In November, the cash-strapped SABC issued retrenchment letters to about 400 employees in a bid to save about R7000-million a year for the next three years. This resulted in a blackout as staff refused to go on air in light of the looming retrenchments at the public broadcaster.

The Labour Court in Johannesburg also ruled that Broadcasting, Electronic, Media & Allied Workers Union (BEMAWU)’s urgent application to oppose the decision to retrench workers was dismissed with costs in December.

On January 7, the public broadcaster announced that it had concluded its Section 189 process after it had suspended the execution of the process in November to enable management to further engage directly with employees on the proposed structures.

“After considering all options to minimise the total number of affected employees, the SABC has further reduced the number of affected redundant employees to 303 – just under half of the originally projected 600 redundancies,” the SABC said in a statement.

Unions at the SABC, including Communication Workers Union (CWU) and BEMAWU, are unhappy with the ongoing process.

As a result, the members of the unions have vowed to march in Pretoria today to hand over a memorandum of demands to the government in a joint protest action.

CWU General-Secretary, Aubrey Tshabalala told The Star that the union served a notice to strike to the public broadcaster on Friday. The general-secretary said the unions’ main demand is for SABC to stop the retrenchment process.
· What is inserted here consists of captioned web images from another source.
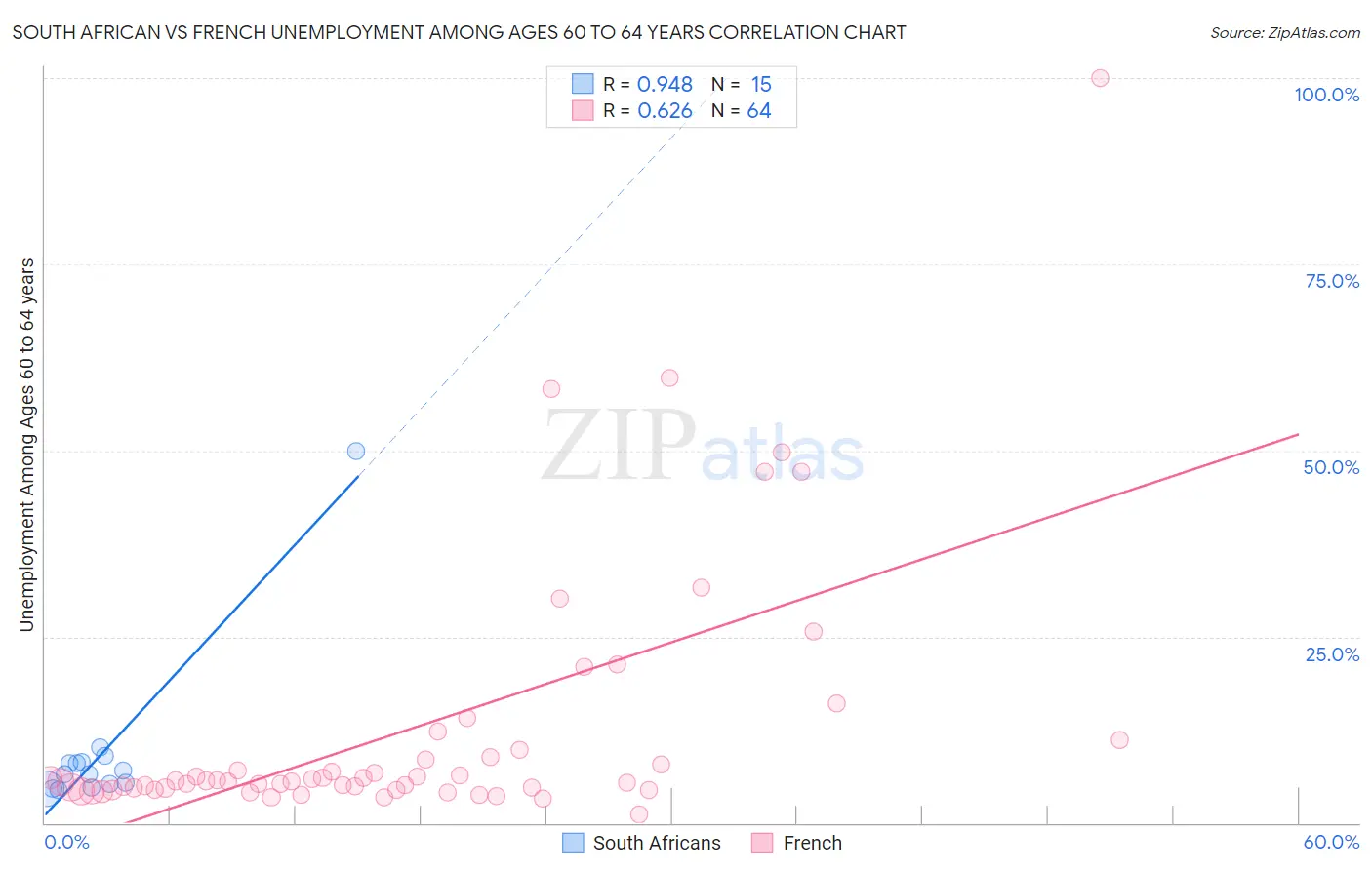 South African vs French Unemployment Among Ages 60 to 64 years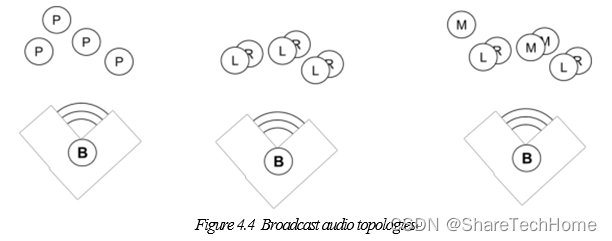 iOS 蓝牙音频开发_数据_04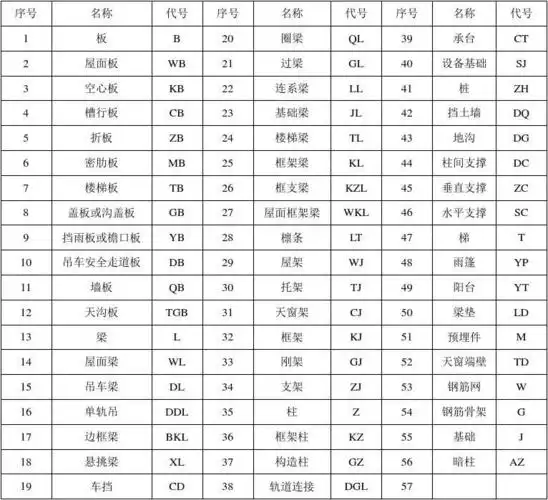 建筑工程常用构件代号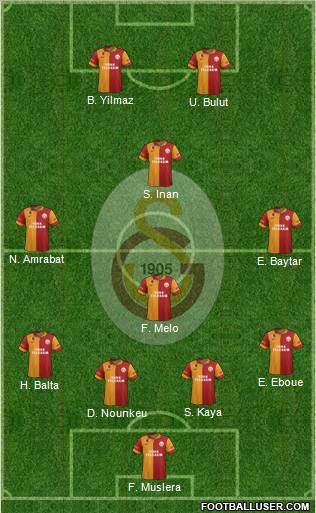 Galatasaray SK Formation 2012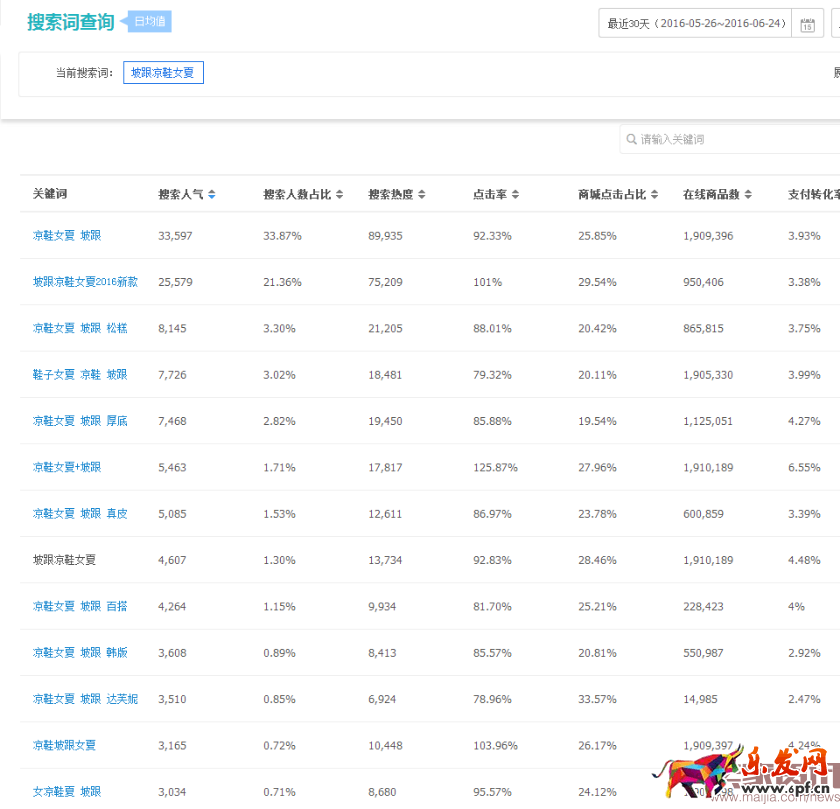 小賣家寶典-標(biāo)題1304.png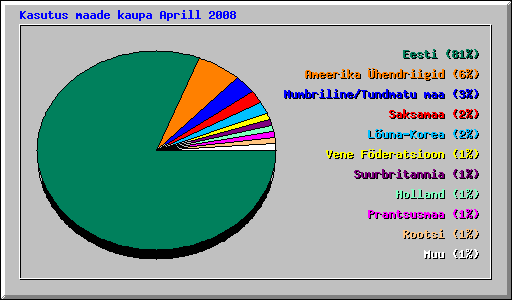 Kasutus maade kaupa Aprill 2008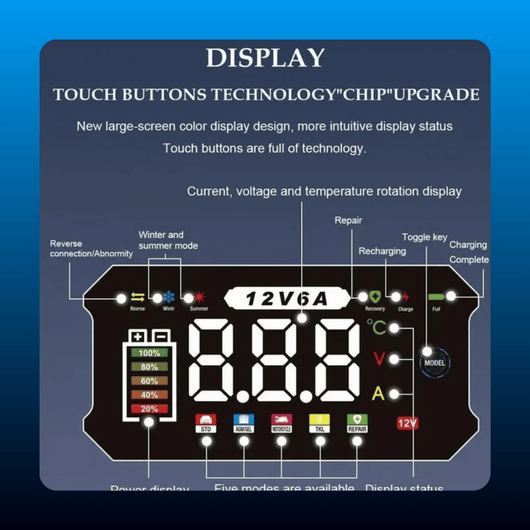 12V 6A Smart Battery Charger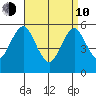 Gulf Beach tide chart for Friday, April 10, 2026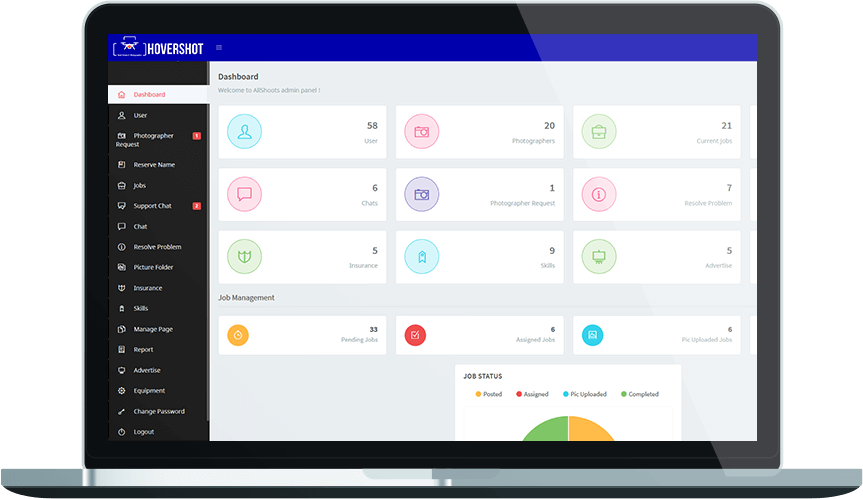 hovershot admin panel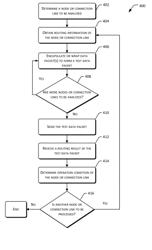 FINE-GRAINED NETWORK MONITORING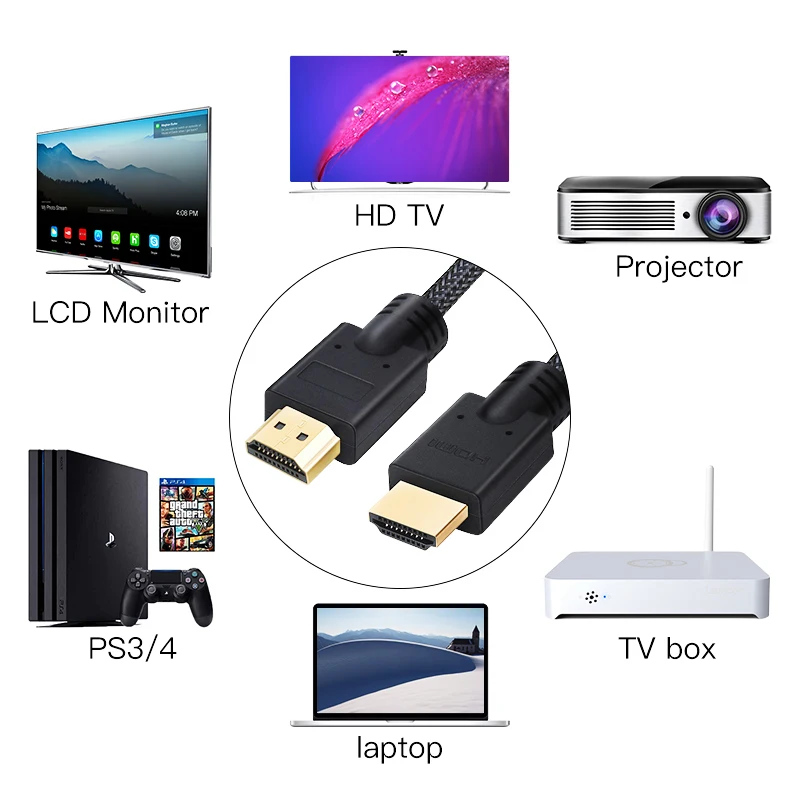 Shuliancable HDMI cable 1m-50m gold plated 2.0 1080p 3D High Speed for HD TV LCD Laptop PS3 Projector Computer xbox 360 Cable 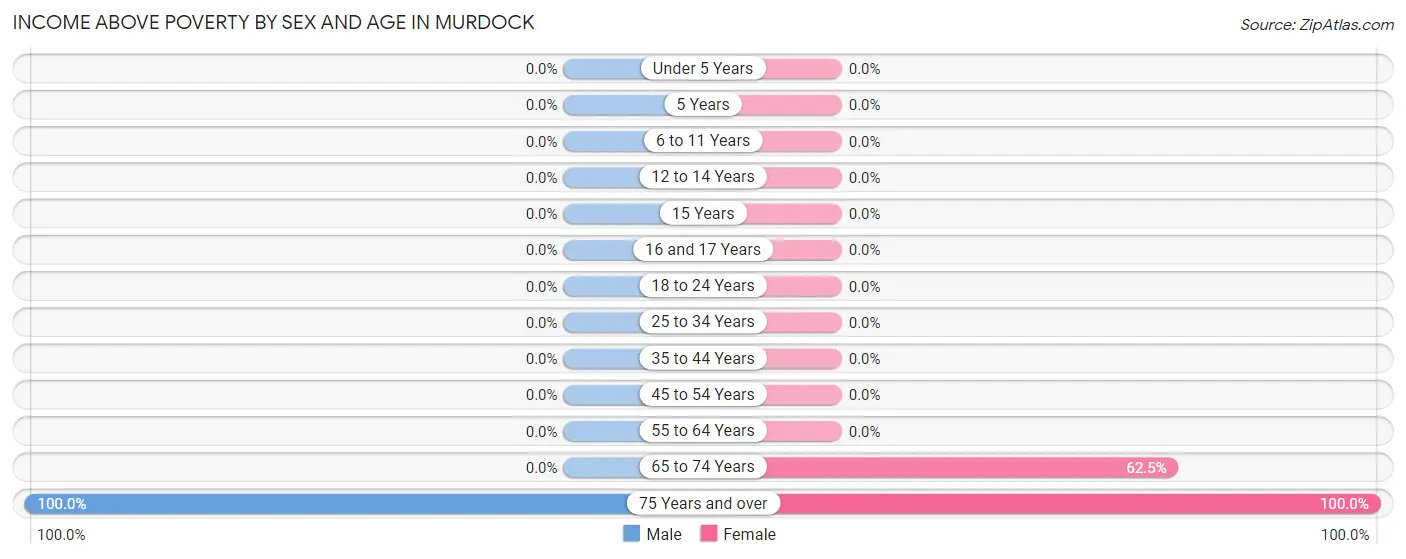Income Above Poverty by Sex and Age in Murdock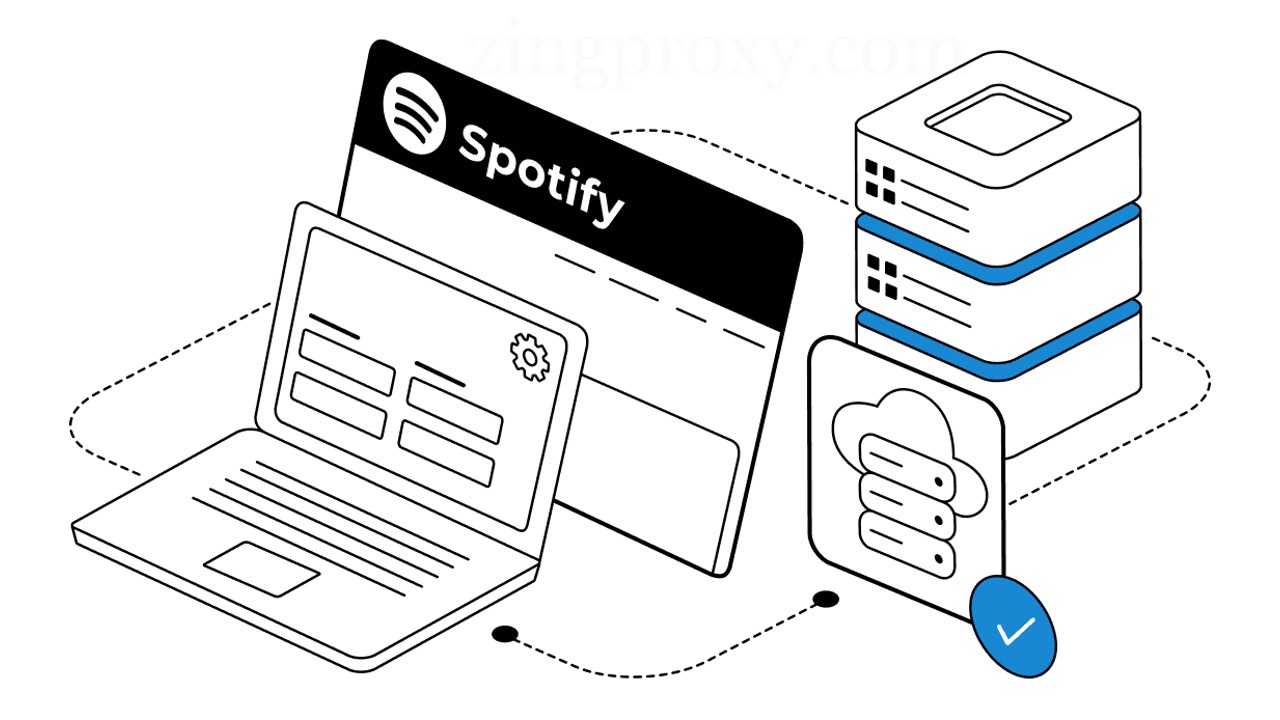 Proxy Spotify: Cách cài đặt và bỏ chặn quyền truy cập vào ứng dụng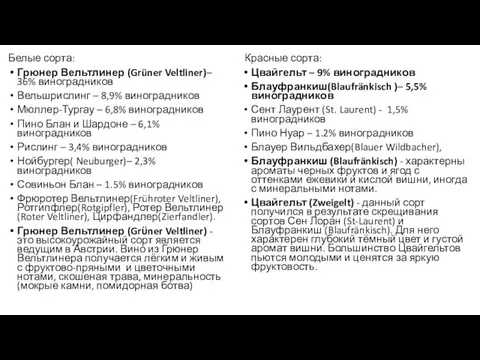 Белые сорта: Грюнер Вельтлинер (Grüner Veltliner)– 36% виноградников Вельшрислинг – 8,9%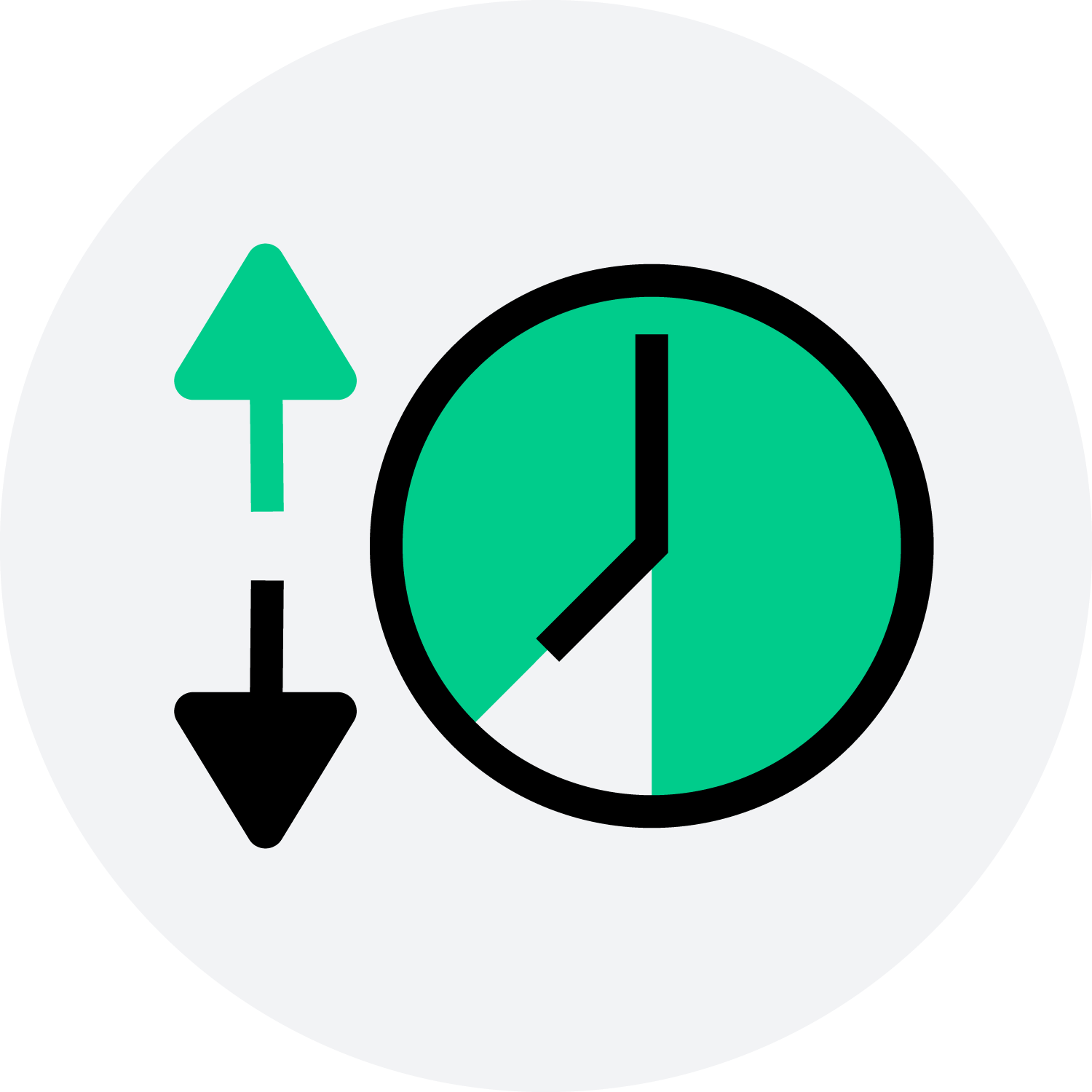Extend the meeting or end it early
Tshabalala said that by instituting retrenchment, the SABC would be killing the capacity for in-house content to be generated, and outsourcing would be required to fill in the gaps.

“There is a perception that if you retrench, now there is a chance of cutting costs. However, the contrary will happen because there are more costs that they are incurring by retrenching these workers,” the general-secretary said.

He said SABC had not demonstrated any form of trying to create a new revenue stream to build a capacity to be self-sustainable.

“They are merely retrenching workers to create immediate profit which will be artificial and unsustainable,” he said.

He added that the current retrenchment process does not mean that after these workers are retrenched that the SABC would not need a bailout from the government or no additional requirements to retrench other workers.

“We’ve seen the same modus operandi are other state-owned enterprises like Telkom, so we are saying ‘Let us fight without boots on’ and if the government supports the process at least we will be there to say we have seen the fault lines around this issue,” he said.

The workers are further demanding that the board of the SABC be dissolved and for the public broadcaster to be placed under administration.

“We are calling for this board to be dissolved because this board seems to be interested in supporting and feeding their own tummies as individuals,” Tshabalala said.

He added that the workers want the SABC to be under administration so that the administration can run the SABC with a particular mandate and take it away from “troubles waters into safer shores.”

The protest over the retrenchments will see protesting workers start their picket at the SABC headquarters in Auckland Park because they will convoy to the Union Building to hand deliver their memorandum of demands to President Cyril Ramaphosa.

“We anticipate arriving and handing in the memorandum at 2PM. We’ve requested that the government will give us an individual who will be given the memorandum on behalf of the President,” the general-secretary said.